In the Proton-Proton Chain, Helium nuclei are created from nothing but protons. In more massive stars, however, the protons sometimes get a little help along the way. The Carbon-Nitrogen-Oxygen Cycle, or CNO Cycle, uses carbon, nitrogen and oxygen atoms to complete the process. These helper atoms are called catalysts. As with the Proton-Proton Chain, the CNO Cycle still takes in protons and puts out helium. No new carbon, nitrogen or oxygen are created in the process. Instead, these heavier elements absorb the protons, change two of them to neutrons, then throw out stable helium nuclei (along with a bunch of neutrinos, positrons and gamma rays).
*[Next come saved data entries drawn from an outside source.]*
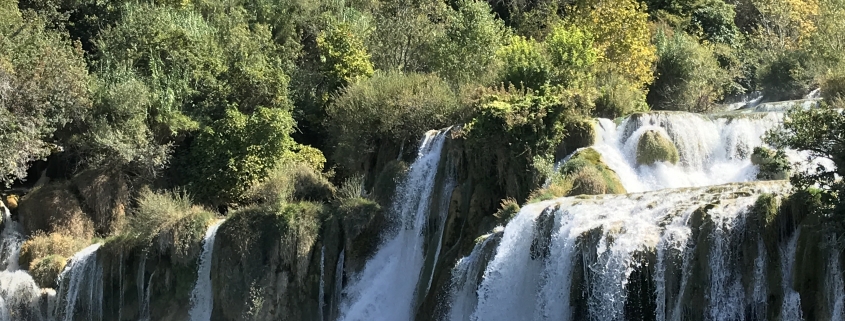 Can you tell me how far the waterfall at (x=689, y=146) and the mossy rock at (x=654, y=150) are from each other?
115 mm

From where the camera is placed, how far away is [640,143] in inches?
836

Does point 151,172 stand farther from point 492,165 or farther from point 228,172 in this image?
point 492,165

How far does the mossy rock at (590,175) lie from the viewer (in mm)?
19312

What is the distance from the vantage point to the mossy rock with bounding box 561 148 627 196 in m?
19.3

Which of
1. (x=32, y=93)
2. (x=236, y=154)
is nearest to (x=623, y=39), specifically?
(x=236, y=154)

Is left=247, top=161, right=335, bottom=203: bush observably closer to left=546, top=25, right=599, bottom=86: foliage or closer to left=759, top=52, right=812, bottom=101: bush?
left=546, top=25, right=599, bottom=86: foliage

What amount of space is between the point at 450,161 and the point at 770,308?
423 inches

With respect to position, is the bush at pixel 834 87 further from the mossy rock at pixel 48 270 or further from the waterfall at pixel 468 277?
the mossy rock at pixel 48 270

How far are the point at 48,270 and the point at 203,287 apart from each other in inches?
191

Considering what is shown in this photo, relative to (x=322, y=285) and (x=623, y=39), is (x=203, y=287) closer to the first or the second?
(x=322, y=285)

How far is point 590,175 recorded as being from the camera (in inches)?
768

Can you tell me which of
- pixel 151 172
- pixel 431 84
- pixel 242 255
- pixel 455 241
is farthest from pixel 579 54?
pixel 151 172

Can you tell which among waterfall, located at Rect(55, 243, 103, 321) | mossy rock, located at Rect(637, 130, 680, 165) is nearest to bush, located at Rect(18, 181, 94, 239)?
waterfall, located at Rect(55, 243, 103, 321)

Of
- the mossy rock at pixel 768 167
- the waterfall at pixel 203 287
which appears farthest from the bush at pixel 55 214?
the mossy rock at pixel 768 167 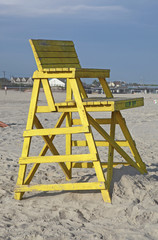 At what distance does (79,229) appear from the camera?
123 inches

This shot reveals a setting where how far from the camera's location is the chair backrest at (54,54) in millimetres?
4011

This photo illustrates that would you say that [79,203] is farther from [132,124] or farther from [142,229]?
[132,124]

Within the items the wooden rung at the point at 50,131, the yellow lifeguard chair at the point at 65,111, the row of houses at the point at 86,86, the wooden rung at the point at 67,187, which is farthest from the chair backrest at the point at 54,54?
the row of houses at the point at 86,86

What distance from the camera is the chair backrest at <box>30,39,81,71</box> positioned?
4011mm

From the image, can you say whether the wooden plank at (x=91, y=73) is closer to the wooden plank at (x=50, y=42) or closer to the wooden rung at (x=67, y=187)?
the wooden plank at (x=50, y=42)

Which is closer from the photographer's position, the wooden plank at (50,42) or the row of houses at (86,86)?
the wooden plank at (50,42)

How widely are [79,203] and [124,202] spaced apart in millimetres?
409

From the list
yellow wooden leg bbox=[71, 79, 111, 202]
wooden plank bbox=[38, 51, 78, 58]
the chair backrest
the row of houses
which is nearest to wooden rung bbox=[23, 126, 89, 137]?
yellow wooden leg bbox=[71, 79, 111, 202]

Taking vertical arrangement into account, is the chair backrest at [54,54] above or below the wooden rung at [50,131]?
above

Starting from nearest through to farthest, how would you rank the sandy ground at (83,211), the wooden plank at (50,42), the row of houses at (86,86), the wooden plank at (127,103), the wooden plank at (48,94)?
the sandy ground at (83,211) → the wooden plank at (127,103) → the wooden plank at (48,94) → the wooden plank at (50,42) → the row of houses at (86,86)

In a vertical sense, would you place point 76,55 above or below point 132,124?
above

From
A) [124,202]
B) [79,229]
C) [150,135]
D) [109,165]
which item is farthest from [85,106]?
[150,135]

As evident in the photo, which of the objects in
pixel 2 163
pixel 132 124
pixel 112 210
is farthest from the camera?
pixel 132 124

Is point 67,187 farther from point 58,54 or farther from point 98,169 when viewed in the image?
point 58,54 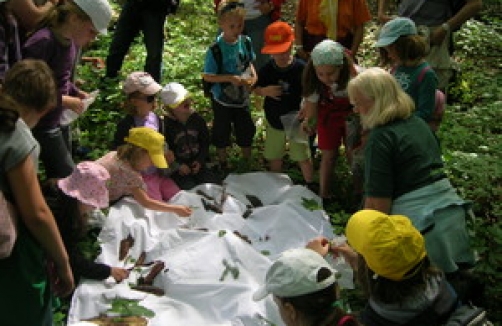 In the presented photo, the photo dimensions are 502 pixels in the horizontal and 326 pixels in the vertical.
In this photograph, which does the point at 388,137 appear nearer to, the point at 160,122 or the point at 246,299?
the point at 246,299

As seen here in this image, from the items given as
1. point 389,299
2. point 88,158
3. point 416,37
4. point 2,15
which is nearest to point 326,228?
point 416,37

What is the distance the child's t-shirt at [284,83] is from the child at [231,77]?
152 mm

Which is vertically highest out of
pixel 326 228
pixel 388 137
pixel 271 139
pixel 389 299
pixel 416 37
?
pixel 416 37

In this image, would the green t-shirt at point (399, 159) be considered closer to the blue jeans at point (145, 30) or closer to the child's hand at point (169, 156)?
the child's hand at point (169, 156)

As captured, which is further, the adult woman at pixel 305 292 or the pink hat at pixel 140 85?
the pink hat at pixel 140 85

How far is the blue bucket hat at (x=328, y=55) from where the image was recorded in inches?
171

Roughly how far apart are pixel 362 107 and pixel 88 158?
114 inches

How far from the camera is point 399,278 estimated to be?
2369 millimetres

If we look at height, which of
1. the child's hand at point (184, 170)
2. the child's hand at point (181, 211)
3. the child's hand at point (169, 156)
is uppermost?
the child's hand at point (169, 156)

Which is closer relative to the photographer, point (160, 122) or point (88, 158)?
point (160, 122)

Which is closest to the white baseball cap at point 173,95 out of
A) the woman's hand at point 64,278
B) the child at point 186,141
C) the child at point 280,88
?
the child at point 186,141

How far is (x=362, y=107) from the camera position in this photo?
11.2 feet

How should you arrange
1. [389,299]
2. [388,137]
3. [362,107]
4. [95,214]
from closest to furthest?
[389,299] → [388,137] → [362,107] → [95,214]

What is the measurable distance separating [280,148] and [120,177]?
1615 millimetres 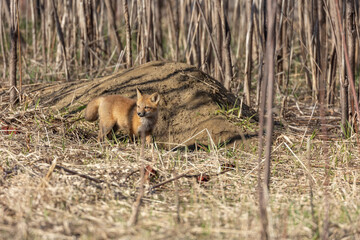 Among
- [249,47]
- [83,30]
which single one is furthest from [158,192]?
[83,30]

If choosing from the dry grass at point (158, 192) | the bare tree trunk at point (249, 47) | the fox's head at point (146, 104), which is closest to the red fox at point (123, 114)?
the fox's head at point (146, 104)

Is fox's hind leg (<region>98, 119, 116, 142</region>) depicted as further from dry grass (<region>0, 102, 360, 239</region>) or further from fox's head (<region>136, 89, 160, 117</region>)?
fox's head (<region>136, 89, 160, 117</region>)

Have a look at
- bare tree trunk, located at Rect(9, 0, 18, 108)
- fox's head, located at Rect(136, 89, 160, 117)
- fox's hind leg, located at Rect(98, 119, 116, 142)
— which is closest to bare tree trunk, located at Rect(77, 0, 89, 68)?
bare tree trunk, located at Rect(9, 0, 18, 108)

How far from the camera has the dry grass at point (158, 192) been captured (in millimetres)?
2805

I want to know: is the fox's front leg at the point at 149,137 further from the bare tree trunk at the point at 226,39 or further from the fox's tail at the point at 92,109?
the bare tree trunk at the point at 226,39

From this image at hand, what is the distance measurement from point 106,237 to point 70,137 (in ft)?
8.31

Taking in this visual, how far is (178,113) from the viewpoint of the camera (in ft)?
18.7

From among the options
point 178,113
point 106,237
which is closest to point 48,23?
point 178,113

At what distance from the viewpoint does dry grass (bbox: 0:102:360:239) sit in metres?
2.80

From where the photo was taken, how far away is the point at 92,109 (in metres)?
5.35

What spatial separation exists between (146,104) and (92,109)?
70cm

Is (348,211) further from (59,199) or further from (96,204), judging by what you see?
(59,199)

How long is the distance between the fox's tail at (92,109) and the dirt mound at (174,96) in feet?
1.39

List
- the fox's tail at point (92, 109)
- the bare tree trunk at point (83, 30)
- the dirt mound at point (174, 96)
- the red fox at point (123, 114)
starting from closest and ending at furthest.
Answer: the red fox at point (123, 114) < the fox's tail at point (92, 109) < the dirt mound at point (174, 96) < the bare tree trunk at point (83, 30) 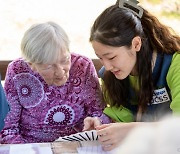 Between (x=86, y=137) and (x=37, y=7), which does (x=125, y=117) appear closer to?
(x=86, y=137)

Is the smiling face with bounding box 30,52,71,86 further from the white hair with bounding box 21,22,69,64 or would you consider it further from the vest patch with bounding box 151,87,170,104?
the vest patch with bounding box 151,87,170,104

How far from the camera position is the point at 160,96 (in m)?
1.26

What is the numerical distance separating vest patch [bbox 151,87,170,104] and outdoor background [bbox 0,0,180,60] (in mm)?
1359

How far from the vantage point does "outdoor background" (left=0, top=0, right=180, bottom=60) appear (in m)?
2.62

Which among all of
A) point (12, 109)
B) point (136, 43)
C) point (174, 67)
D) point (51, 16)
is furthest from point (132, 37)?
point (51, 16)

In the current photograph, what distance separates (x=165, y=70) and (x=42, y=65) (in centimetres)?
48

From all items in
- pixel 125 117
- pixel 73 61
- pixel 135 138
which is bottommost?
pixel 125 117

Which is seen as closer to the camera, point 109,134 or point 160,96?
point 109,134

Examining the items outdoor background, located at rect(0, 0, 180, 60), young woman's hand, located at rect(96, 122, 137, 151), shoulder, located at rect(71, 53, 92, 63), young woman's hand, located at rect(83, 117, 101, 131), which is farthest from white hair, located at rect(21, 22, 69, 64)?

As the catalyst atoms absorb and release other particles, they transform between different types of carbon, nitrogen and oxygen. Although these catalyst atoms will fuse with protons, they don't fuse with each other at this stage because carbon burning takes much more energy than hydrogen burning.

Like the Proton-Proton Chain, the CNO Cycle has a number of different branches that the particles can take in order to get to stable Helium nuclei. Astrophysicists have discovered around seven different branches to the CNO Cycle.

Helium Burning

While a star is in the Main Sequence, most of its energy comes from Hydrogen Burning, which combines hydrogen atoms and turns them into helium, which builds up in the star's core. Helium is a very stable atom. Although Helium atoms sometimes collide with one another, the resulting atom, Beryllium-8, doesn't last very long, and will quickly decay back into two helium atoms.

When a star grows old and its core begins to collapse, the helium in the core gets hotter and more compressed. That means that the helium is moving faster in a smaller amount of space. This means that collisions between helium atoms will become more frequent. Although Beryllium-8 is still very unstable, reactions begin taking place so fast that the Beryllium will start fusing with other helium atoms before it has a chance to decay. This creates Carbon-12, another stable element.

Burning Carbon and Heavy Elements

In the most massive stars, elements heavier than helium can also be fused. When the helium in the core of such a star is depleted, it will undergo another core collapse, creating enough heat and pressure to ignite carbon burning. When carbon in the core is depleted, a core collapse will initiate Neon burning.